Уже вечерело, когда войска подошли наконец к Азаткеву и стали невдалеке от большой Арзерумской дороги. В трех верстах отсюда лежало крепостное предместье, и в неясных очертаниях сгущавшихся сумерек виднелись грозные твердыни Карсской цитадели.
Еще на пути, подходя к Азаткеву, авангард имел незначительную стычку. Казаки, спустившиеся в овраг, внезапно наткнулись на турецких фуражиров и нескольких из них изрубили, а нескольких взяли в плен. Пленные эти объявили Паскевичу, что в Карсе с часу на час ожидают помощи из Арзерума и что жители решили защищаться вместе с войсками. Паскевич отправил их обратно в Карс и приказал Влангали, дипломатическому чиновнику, состоявшему при главной квартире, отправить вместе с ними особое письмо на имя муфтия, главы карсского духовенства. «У стен ваших, – писал Влангали в этом письме, – стоит непобедимый вождь российский с непобедимым воинством, тот самый вождь, от могущественной руки которого пали твердыни Персии: Аббас-Абад, Сардарь-Абад, Эривань, по слову которого преклонили колени Тавриз, Хой, Урмия и Ардебиль. Сколь могуществен он во брани, столько же великодушен к покорным».
Какое действие произвела прокламация, осталось неизвестным – ответа не последовало.
Наступило 19 июня. Рано утром, часов в шесть, войска поднялись из Азаткева и двинулись дальше. Вагенбург переходил на Арзерумскую дорогу и, чтобы не ослаблять состава действующего корпуса, для прикрытия его отделены были от каждого пехотного полка по одной роте, по два орудия от батарейных рот и по пятьдесят всадников от каждого казачьего полка, что вместе составило полтора батальона пехоты, двести пятьдесят казаков и десять орудий – из них четыре конных. Остальные войска, под личным предводительством графа Паскевича, двигались к Карсу, чтобы произвести рекогносцировку, а если удастся выманить гарнизон в открытое поле – дать полевое сражение.

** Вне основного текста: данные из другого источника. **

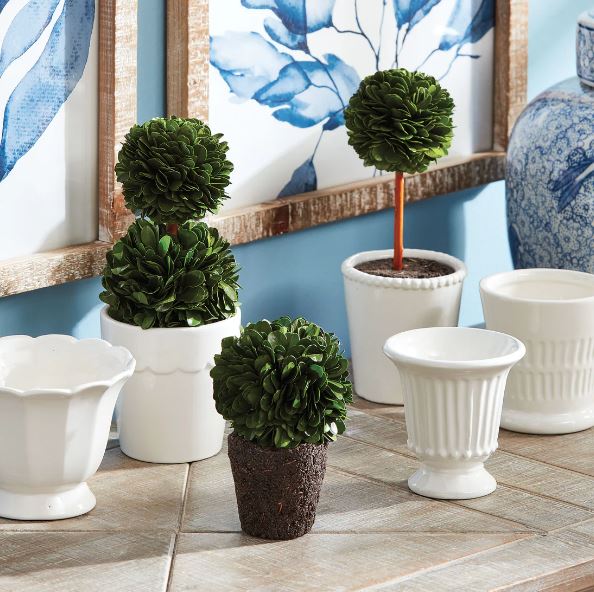 Single Tall Boxwood Mini Topiary Drop-In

Они шли в том самом боевом порядке, который Паскевич раз с таким успехом употребил уже под Елизаветполем: впереди – Донской, Сергеева, полк с шестью конными орудиями, поддерживаемый пионерным батальоном; за ними наступала пехота в две линии: в первой – сороковой и сорок второй егерские полки, имея между собою двенадцать батарейных орудий, во второй – Ширванский полк и тридцать девятый егерский, в третьей линии шла вся кавалерия, имея при себе донскую батарею; резерв составляла гренадерская бригада.
С последней возвышенности, склонявшейся к крепости пологим скатом, туркам ясно обозначилась русская боевая линия. С кургана, где стоял главнокомандующий, видно было, как растворились крепостные ворота и неприятельская конница, выехавшая из них в числе четырех-пяти тысяч, стала на равнине, прорезанной болотистым ручьем, через который мост был заранее уничтожен. Когда пионерный батальон подошел к переправе, на том берегу ручья уже кипела перестрелка. Делибаши, последние остатки некогда страшной турецкой конницы, столкнулись с казаками Сергеева и потеснили их. Главнокомандующий, внимательно следивший за неприятелем, тотчас приказал своему конвою скакать на помощь. Линейный полк, грузины и татарская конница вовремя поддержали донцов; рассыпавшись в лаву, несмотря на свою малочисленность, они стойко держались на месте, не позволяя обойти себя с флангов. Линейцы перестреливались с чудесной кавказской джигитовкой. Но эти ученики суровых адыгов не любили долго жечь пороха там, где можно было покончить все одним решительным ударом. И вот, едва турецкая цепь, разгоряченная боем, отделилась от своих резервов, линейцы выхватили шашки и, с гиком ринувшись вперед, смешались с неприятелем. Минута – и делибаши, что значит обрекшие себя на смерть, скакали назад, ища уже не смерти, а спасения от нее в бегстве. Масса турецкой конницы двинулась к ним на выручку.